Despite public proclamations as to the democratic nature of the Indian
state and its commitments to protect human rights, the Indian
government's treatment not only of the Sikh population of Punjab but of
human rights workers attempting to investigate abuses undermines its
credibility. A human tragedy on the probable scale of many of the great
tragedies of history has occurred in Punjab, and we do a severe
disservice to those who have suffered and to those who yet may suffer
when we ignore evidence to the effect that all is not well in India.
The Sikhs, though they have served India with
nobility in the past, are today a scorned community there. A spate of
politically orchestrated propaganda against Sikhs has resulted in the
stereotype of all Sikhs as traitors and terrorists, though only a tiny
fraction of them actually participated in the recent separatist
insurgency. Hatred of Sikhs has become acceptable in the realm of public
discourse across nearly all circles of life in India. Both of us have
experienced the censure of our colleagues for our involvement in
documenting human rights abuses perpetrated against Sikhs; we recall
that "nigger lover" was a common accusation hurled at early civil rights
workers in the United States and find the social isolation of those
expressing solidarity with Sikh victims in India hauntingly reminiscent.
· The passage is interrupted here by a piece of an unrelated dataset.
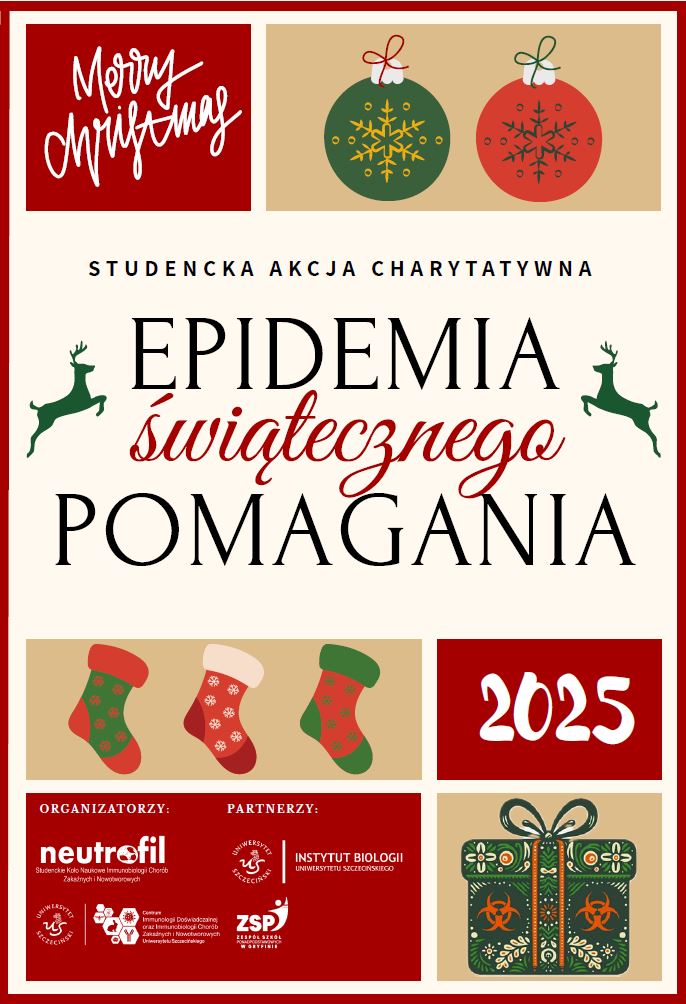 Akcja charytatywna – Epidemia Świątecznego Pomagania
More frighteningly, we note that the virulent anti-semitism that led to
the Nazi holocaust was in the 1930's itself a widely accepted discourse
from which few academics, clerics or activists dissented. We deeply fear
an eliminationist undercurrent of feeling in India, directed at all the
non-Hindu minorities, which provides the ground against which illegal
executions not only take place but are purposefully ignored by the bulk
of the population which in fact acquiesces in the idea that the Sikhs
need to be taught a lesson.
Noting the disdain for world opinion expressed in the
Indian government's recent nuclear tests, and noting a continuing
pattern of abuse in Kashmir and the north-eastern states, we call on
concerned people everywhere to attend to developments in India that are
not consonant with human welfare and human life. We ask that India be
urged to live up to its founding ideals by allowing and indeed
supporting a full-scale accounting of atrocities in Punjab as a first
step toward accountability, healing, and the restoration of democracy.
We believe that respect for human rights and accountability for abuses
thereof will be the only long-term guarantee of stability and peace in
this important and volatile - and now nuclear - region of the world.